On the surface, the Scottish port of Dundee might seem an unlikely place for one of the most important discoveries in electromagnetism. Yet it was a Dundee-born scholar, Sir James Alfred Ewing, who first coined the word ‘hysteresis’. Ewing used the term to refer to electromagnetic effects that remain after the removal of a former magnetising force.
A key implication of hysteresis is that the application of a large shock may not mean an eventual return to the previous state. In everyday terms, think about an elastic band, for example. On normal stretching, it returns to its previous state; stretch it far enough and it snaps, and there is no way back.
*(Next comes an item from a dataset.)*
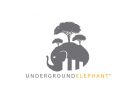 Underground Elephant Announces Daniel Kimm as General Manager of Financial Verticals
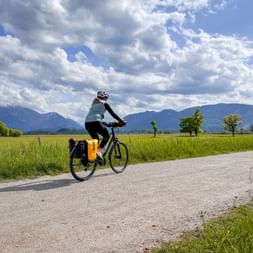 Cyclist with panniers riding on country road through green fields in Murnauer Moos. Mountains and dramatic clouds visible in background.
Many years ago, a small group of us at St. Andrews University argued that the shocks associated with the peaks of actual unemployment are themselves part of the process that determines steady-state unemployment, in contrast to the then-prevailing paradigm of a timeless ‘natural’ rate. In crude terms, put a cohort of workers out of work for long enough and it becomes impossible to re-employ them.
That raises long-term unemployment. The idea was particularly relevant in the era of Margaret Thatcher when a policy-induced high real value of sterling was making whole swathes of the UK’s manufacturing industry uncompetitive. Industries disappeared forever and long-term unemployment grew.
What hysteresis suggests is that corporates and families should both be doing everything possible to keep our workforces and children mentally engaged.